NAA Awards the 2018 Collier Trophy to the Auto GCAS Team
More than 200 members of the aerospace community gathered on June 13 in Washington, D.C. for the 104thpresentation of the Robert J. Collier Trophy to the Automatic Ground Collision Avoidance System (Auto GCAS) Team. The team, comprised of the Air Force Research Laboratory, Lockheed Martin, the F-35 Joint Program Office, the F-16 Joint System Program Office, the 461st and 416th Flight Test Squadrons, NASA, and the Defense Safety Oversight Council, was awarded the 2018 Collier Trophy for “… successfully completing a rapid design, integration, and flight test of critical, life-saving technology for the worldwide F-35 fleet, expanding the technology for F-16 users and civil aviation, and setting certification standards that marked aviation's entry into the age of autonomy.”
Administered by the National Aeronautic Association and displayed at the Smithsonian’s National Air and Space Museum, the Collier Trophy is awarded annually “…for the greatest achievement in aeronautics or astronautics in America” in the preceding year. At seven and a half feet tall and 525 pounds, the trophy represents a timeline of air and space achievements marking major events in the history of flight. The trophy, which travels from the Smithsonian one night each year to take part in the awards ceremony, served as the centerpiece of the event honoring the Auto GCAS Team.
Auto GCAS is a complex series of autonomous decision making and collision avoidance algorithms designed to prevent controlled flight into terrain mishaps by executing an automatic recovery maneuver when impact with the ground is imminent. Since the system entered service with the U.S. Air Force in late 2014, Auto GCAS has been credited with seven saves – eight pilots and seven F-16s.
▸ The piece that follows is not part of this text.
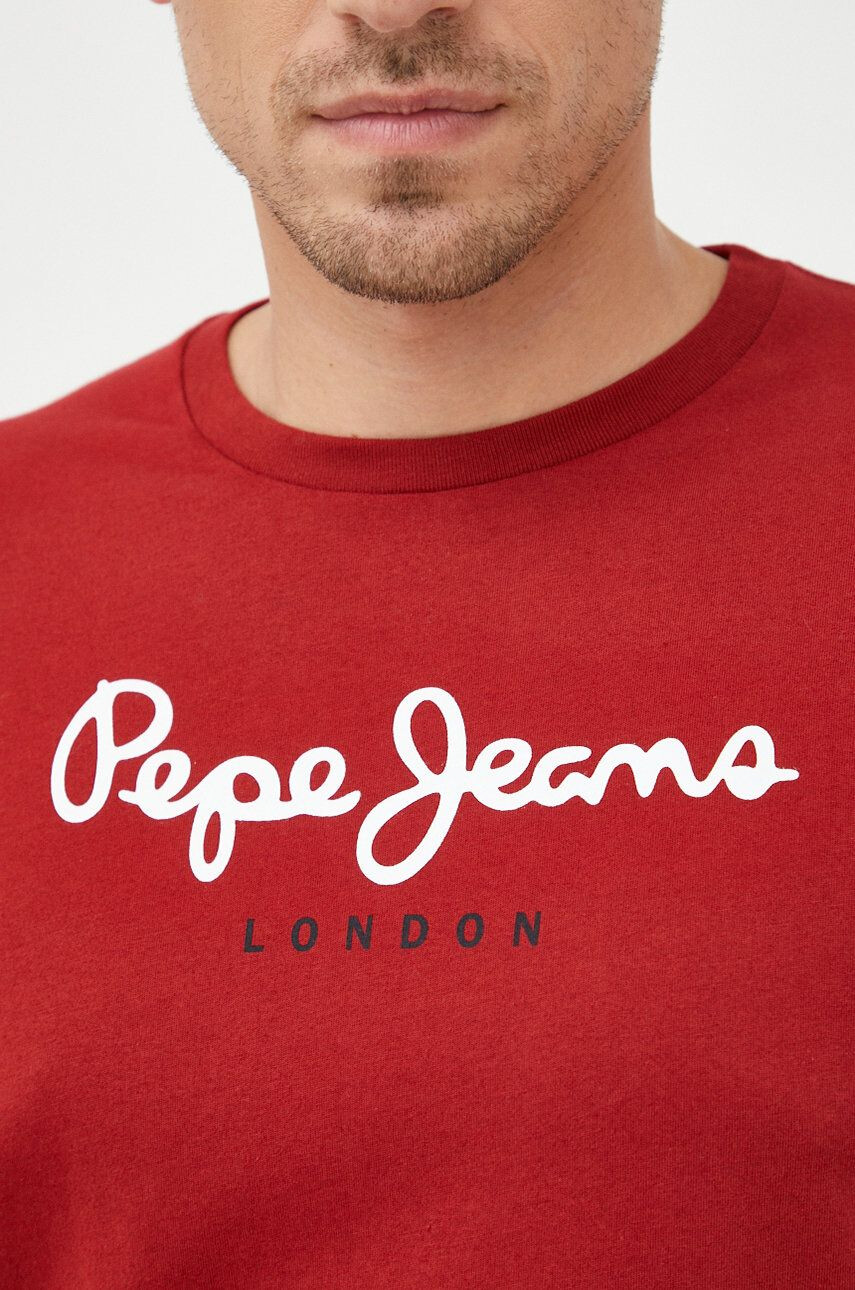 Pepe Jeans Bavlněné tričko vínová barva s potiskem - Pepit.cz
The result of a partnership between government and industry, Auto GCAS advances autonomous technologies and continues to positively impact the aviation community by ensuring pilots and fleets operating around the globe always return home safely.
Mark Wilkins, Senior Aviation Safety Analyst, Office of the Secretary of Defense for Force Safety and Occupational Health accepted the Collier Trophy on behalf of the Auto GCAS Team. “In the not too distant future, this technology will be like smart phones today – we will take it for granted and wonder how we ever survived without it,” affirmed Wilkins. “And it all started with a small group in this room and a vision.”
When Robert J. Collier commissioned the trophy in 1910, he may never have dreamed it would be awarded to a technology as advanced as the Auto GCAS. The timeless value of his trophy ensures each recipient is marked with a historic celebration. Congratulations to the Auto GCAS Team for the extraordinary accomplishment that is the life-saving Auto GCAS technology.